• Credit: BAE Systems
    Credit: BAE Systems

BAE Systems Australia has accepted forty apprentices to begin their trades careers in Adelaide, South Australia, the largest ever cohort to be deployed on the Hunter Class Frigate Program.

The apprentices will join more than 1,800 people already working on the program, most of whom are based at the Osborne Naval Shipyard, where Schedule Protection Blocks — to be used in anti-submarine warfare frigates — are currently under construction.

“We welcome each apprentice into the Hunter program and look forward to their development and contribution towards Continuous Naval Shipbuilding in Australia," said Craig Lockhart, Managing Director of BAE Systems Australia – Maritime.

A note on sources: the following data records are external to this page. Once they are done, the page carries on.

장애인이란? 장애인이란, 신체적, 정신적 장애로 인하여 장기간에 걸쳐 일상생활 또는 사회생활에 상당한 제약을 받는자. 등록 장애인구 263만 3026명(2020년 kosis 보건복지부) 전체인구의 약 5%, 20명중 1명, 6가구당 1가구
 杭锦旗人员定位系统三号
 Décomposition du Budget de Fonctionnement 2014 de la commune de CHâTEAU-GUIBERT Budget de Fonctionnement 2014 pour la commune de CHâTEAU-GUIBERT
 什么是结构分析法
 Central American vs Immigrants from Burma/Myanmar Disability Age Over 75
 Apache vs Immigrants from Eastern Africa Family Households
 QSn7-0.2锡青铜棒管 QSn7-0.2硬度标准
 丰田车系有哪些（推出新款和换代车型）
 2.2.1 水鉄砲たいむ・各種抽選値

“I started my own career journey as an apprentice technician and look forward to working alongside the cohort as they progress, developing skills and a combined capability that ensures South Australia is a key part of CNS for decades to come. Each apprentice underscores Australia’s commitment to establishing a sovereign capable workforce in shipbuilding.”

The apprentices will take up a range of roles in manufacturing, piping and mechanical trades. Five members of the cohort will start work as electro-technology and machining apprentices at our production workshops. Seven are existing BAE Systems employees who are continuing their career journey as mature-aged apprentices.

“It is fantastic to see a record number of new apprentices starting at BAE Systems in 2024. It is an exciting time to be entering the defence industry with South Australia preparing for its nation-leading role in the AUKUS deal and the ramp up of the Hunter Class Frigate Program build," said Blair Boyer, South Australian Minister for Education, Training and Skills.

“An apprenticeship with BAE Systems is achieved through years of dedication and hard work, whether from a school pathway or as a mature aged worker changing jobs, and can lead to a rewarding job for life in our shipyards.”